Print word for word whatever lies between the first line of the material and the line holding "auto parts rocker", both included, and omit all pictures.

[MATERIAL SHOWN Boundary: Start]

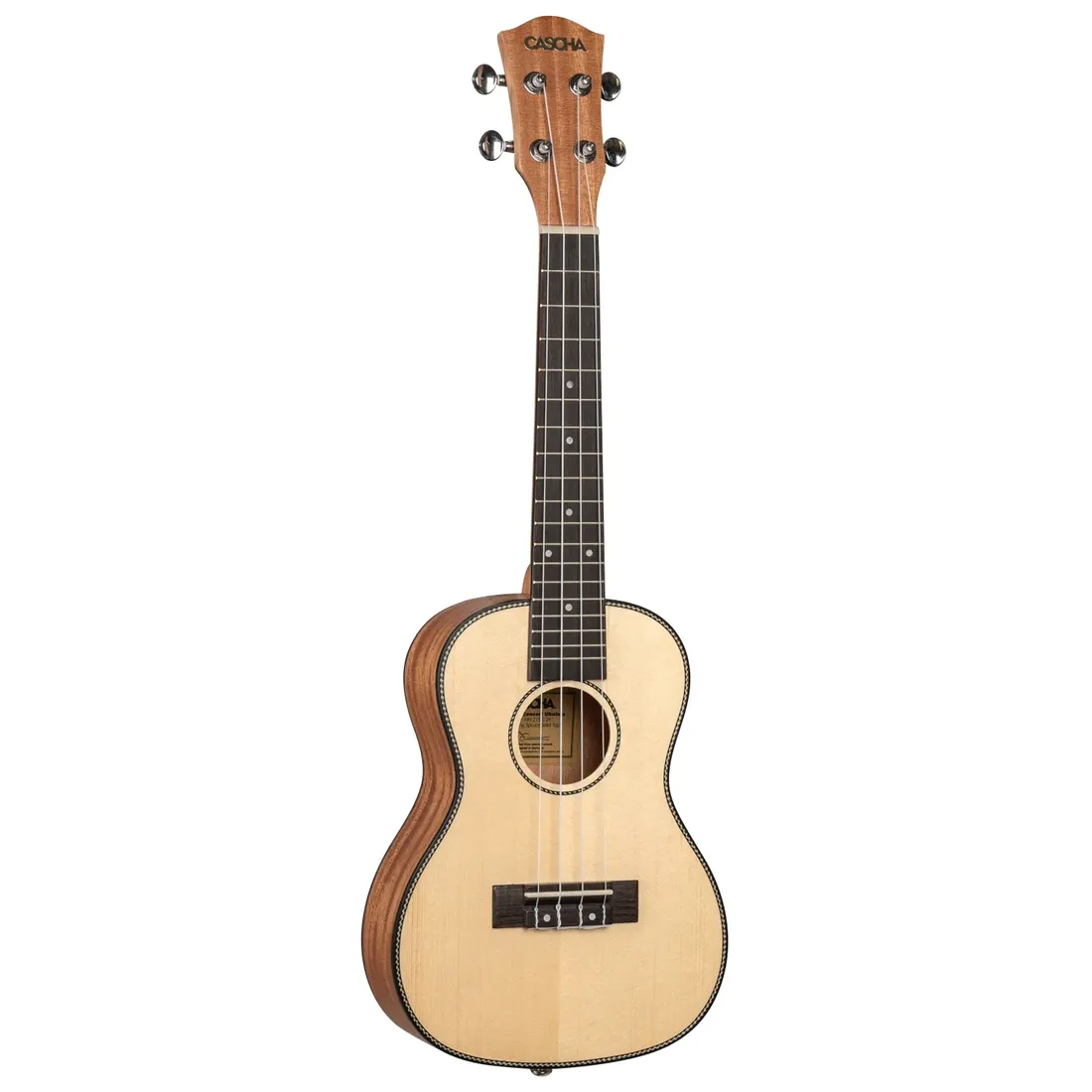 cascha-premium-solid-top-concert-ukulele-koncert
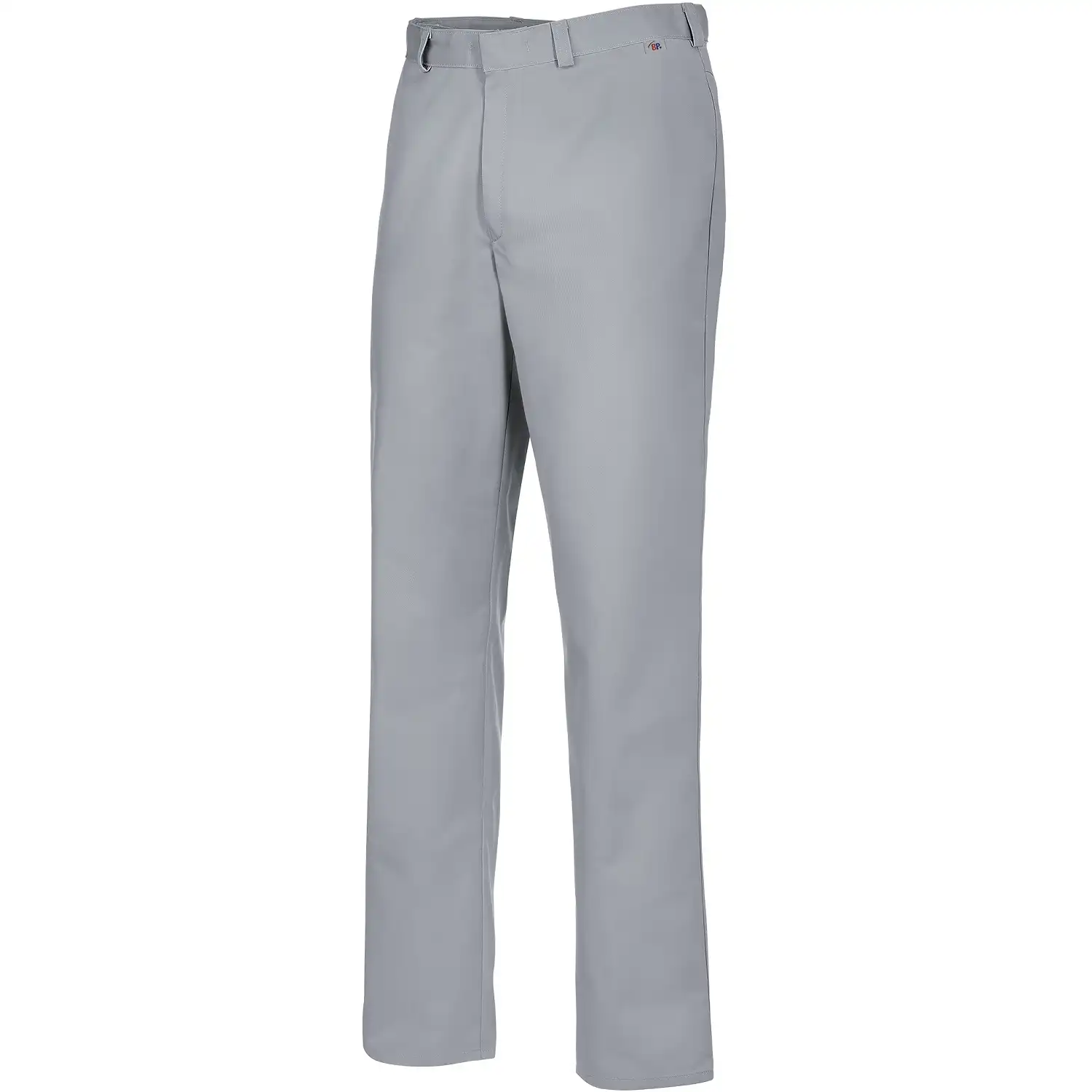 Bundhose "1672-558" HACCP in hellgrau, XS - Bild 1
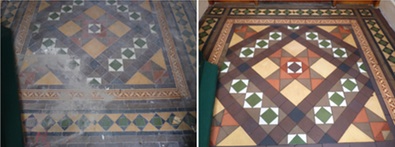 Tile and Stone Sealer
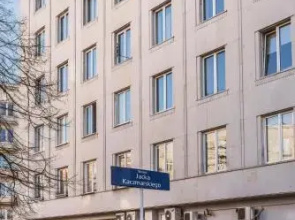 APARTEL Plac Unii Lubelskiej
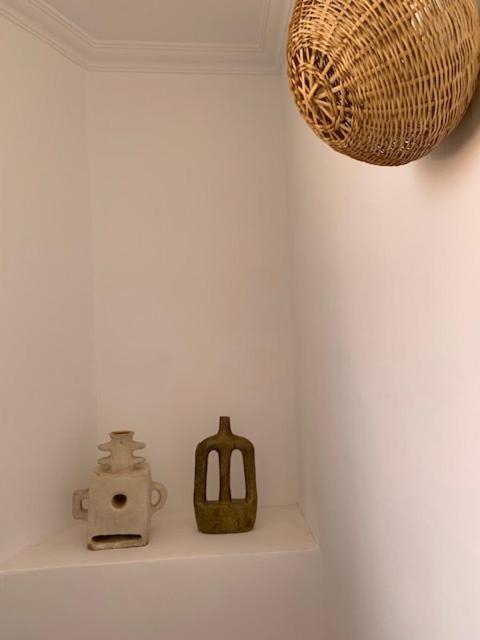Riad Sin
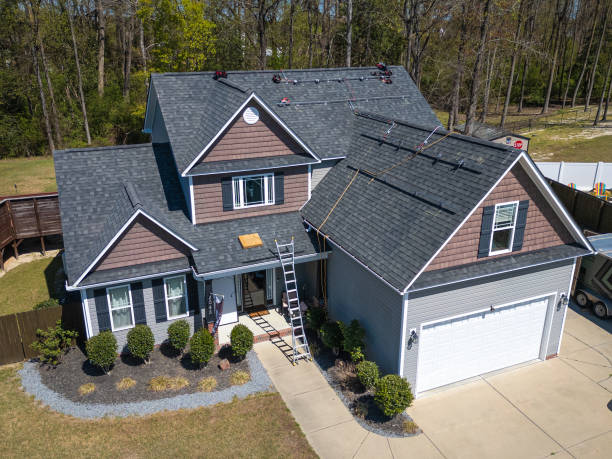 Ishpeming, MI Roofing Service Company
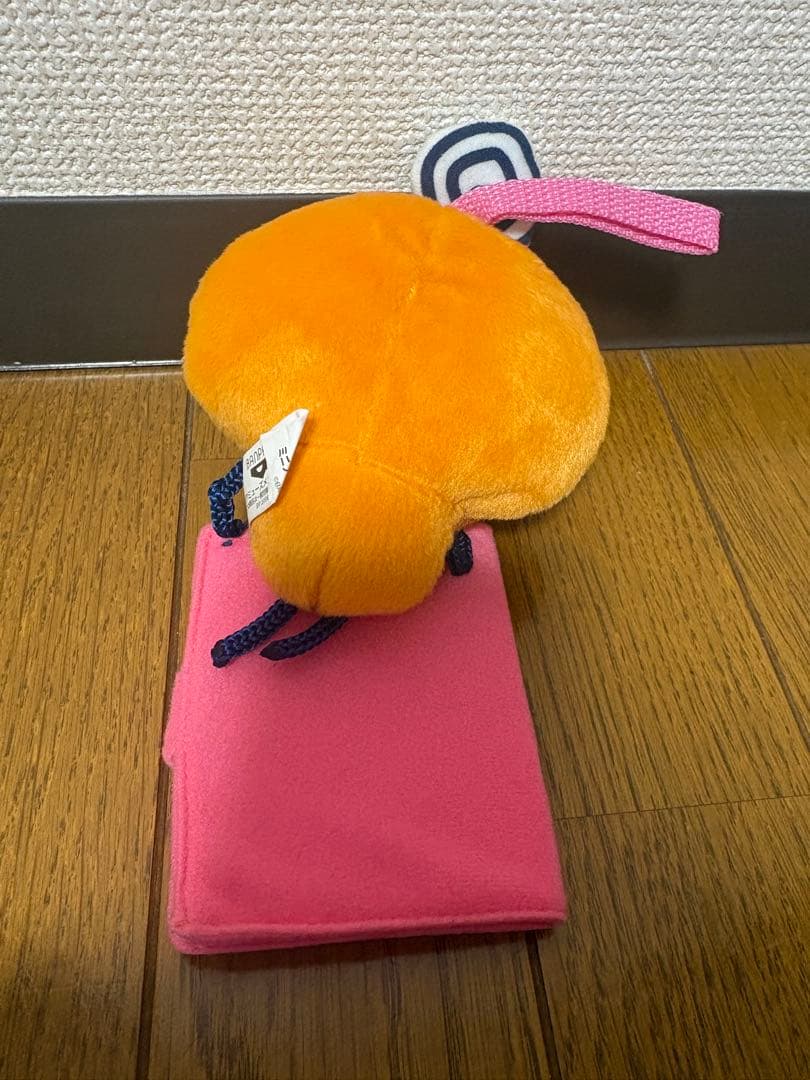 当時物未使用激レアたまごっち　めめっちグッズセット９点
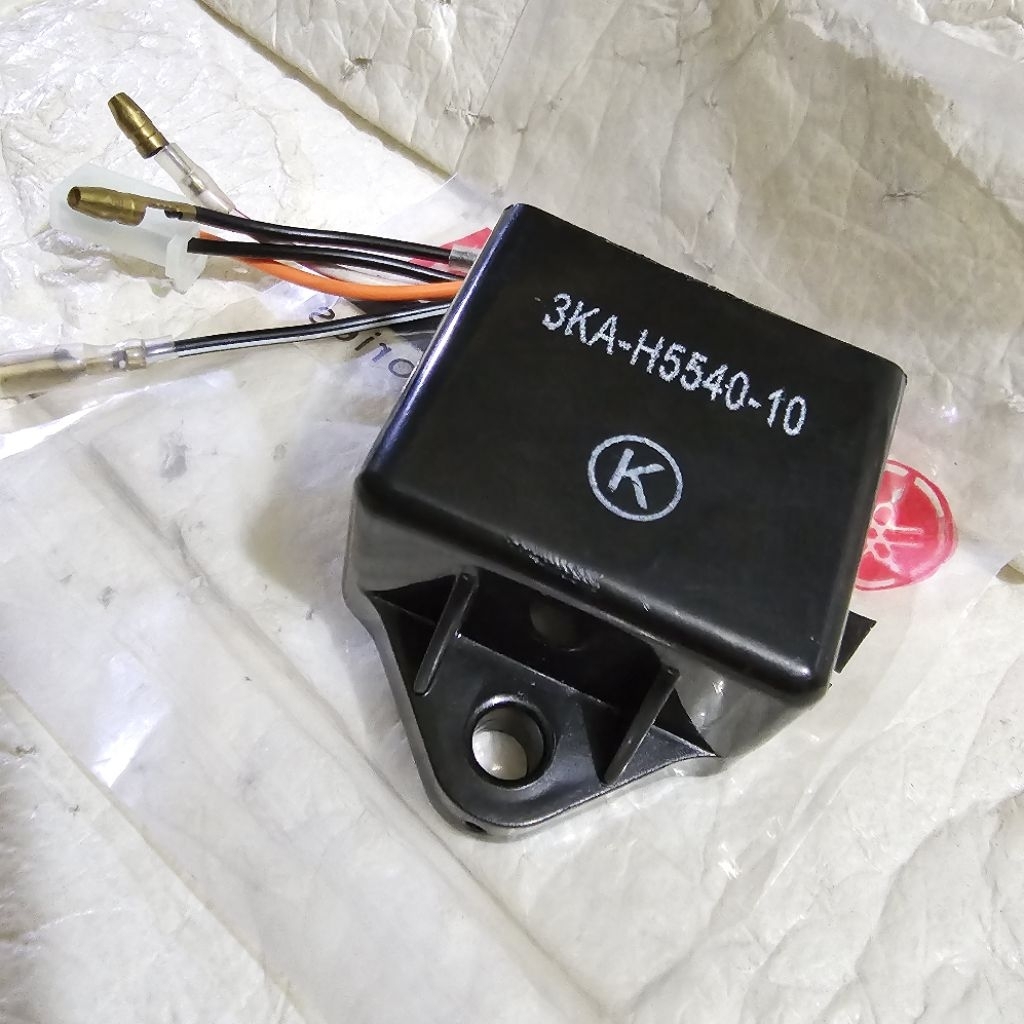 cdi rxking rxs rxk cdi yamaha rxking pengapian rxking koil rxking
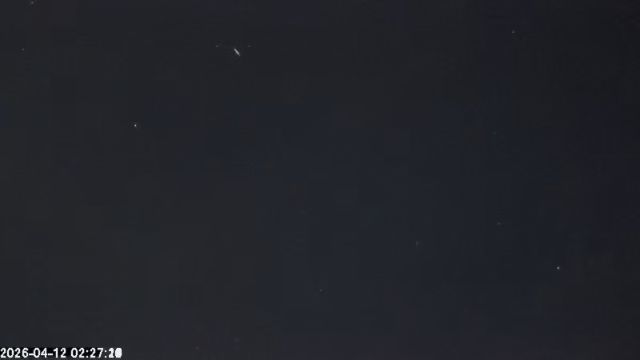 AMS179 meteor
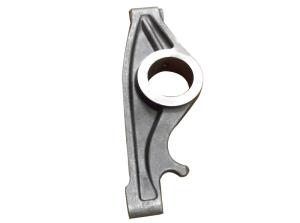 auto parts rocker shaft, engine system component, forging parts, Jiangsu forging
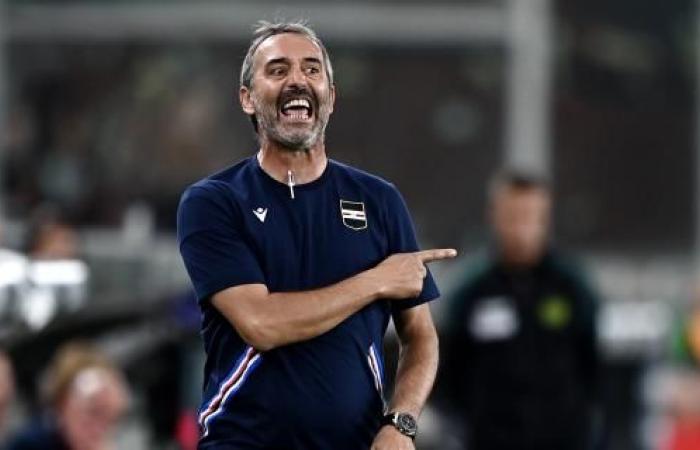 Un dernier recours pour Giampaolo. Limogé pour la dernière fois après deux nuls en huit matchs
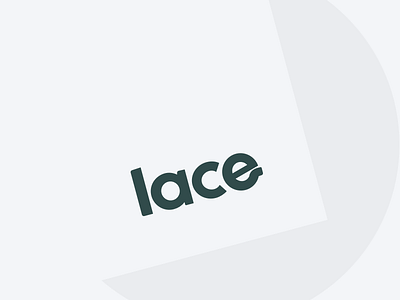 Logo - Lace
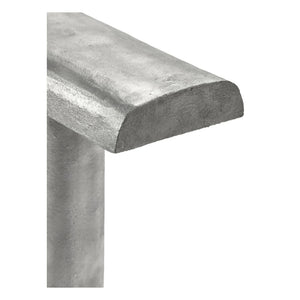Serax - FCK table lamp | Silver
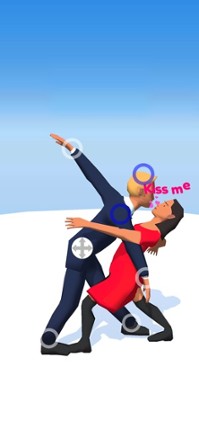 Kiss Me : Best Couple Image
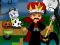 Halloween dress-up parade — безкоштовна онлайн гра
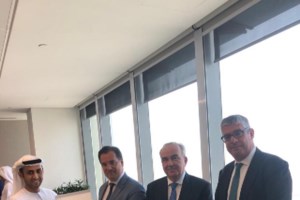 Κατηγορηματικός ο Άδωνις Γεωργιάδης: Το Ναυπηγείο Ελευσίνας δεν κλείνει - εικόνα 2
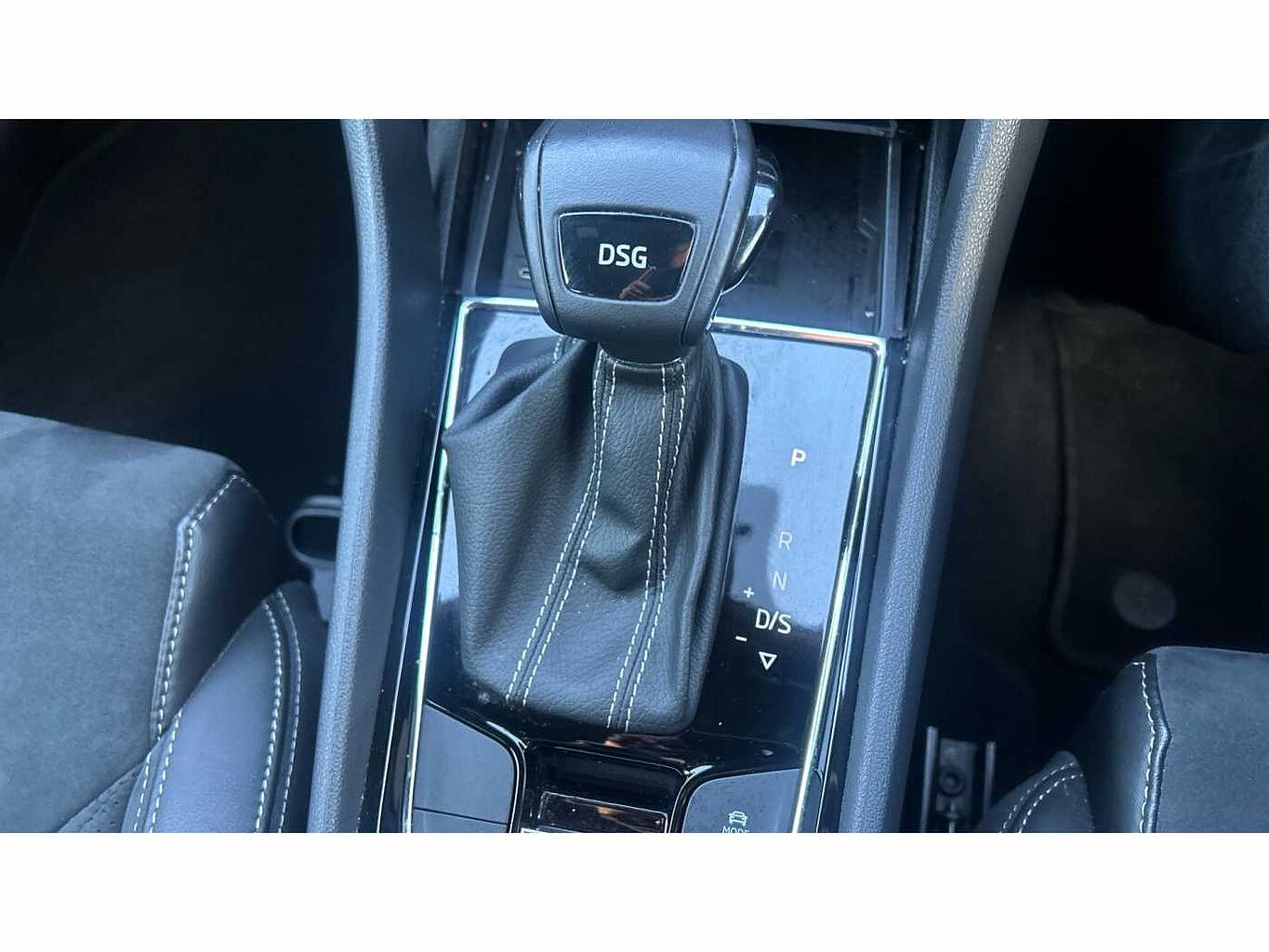 SKODA Kodiaq 1.5 TSI (150ps) Sportline (7 seats) ACT DSG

[MATERIAL SHOWN Boundary: End]

### RESPONSE BOX
 cascha-premium-solid-top-concert-ukulele-koncert
 Bundhose "1672-558" HACCP in hellgrau, XS - Bild 1
 Tile and Stone Sealer
 APARTEL Plac Unii Lubelskiej
Riad Sin
 Ishpeming, MI Roofing Service Company
 当時物未使用激レアたまごっち　めめっちグッズセット９点
 cdi rxking rxs rxk cdi yamaha rxking pengapian rxking koil rxking
 AMS179 meteor
 auto parts rocker shaft, engine system component, forging parts, Jiangsu forging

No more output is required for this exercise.